The incident happened in Los Angels on Tuesday, July 01st, around 5:40pm, at the La Brea Avenue onramp to I-10. It was captured by David Diaz, who happened to be traveling by at the time.

Almost two weeks since the incident, the aggressor remains unnamed, at work, with pay. Meanwhile, those in his outfit are doing damage control – hoping things will calm down so they can continue on with business as usual. That isn’t surprising, as they are incentivized first to protect not you or I, but the perceived legitimacy of their corrupt institution.

One colleague of the aggressor, Chris O’Quinn, claims that Pinnock had walked into traffic. Even if O’Quinn is believed, does that make acceptable the violence whetted out against Pinnock? If you saw someone who walked into the road, would it be justified if you stopped and beat them down?

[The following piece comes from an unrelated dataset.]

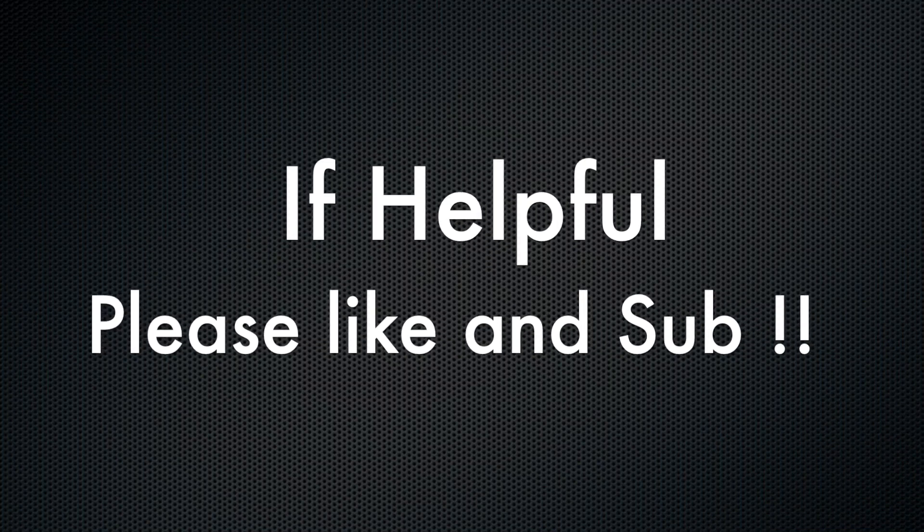I hope that helps other people who may have this type of Samsung TV and this kind of problem. If this helped you, please think to like and subscribe — it always helps us in the world of YouTube. Many thanks!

O’Quinn also claimed that his colleague was merely trying to restrain Pinnock. Huh?? Clearly she’s trying to block the blows from being delivered. If the aggressor was so brazen in this instance, I wonder how many others he’s wronged?

As Pinnock’s own daughter noted,

I never would have thought I would be standing here today talking on behalf of my mom because she was beaten on the side of a freeway by a CHP officer that was sworn to protect her. That makes me scared.

Further, O’Quinn had the audacity to claim that Pinnock was not hurt. Really? After receiving multiple blows to her head and face from someone atop her, she’s just fine? Would O’Quinn put-forth the same narrative if it were his wife, or mom, who was repeatedly hit in the face and head by a grown male?

CURRENT STATUS

Some upset have been holding rallies, which are great to unify, and to bring attention to the situation, but they’re not the solution alone.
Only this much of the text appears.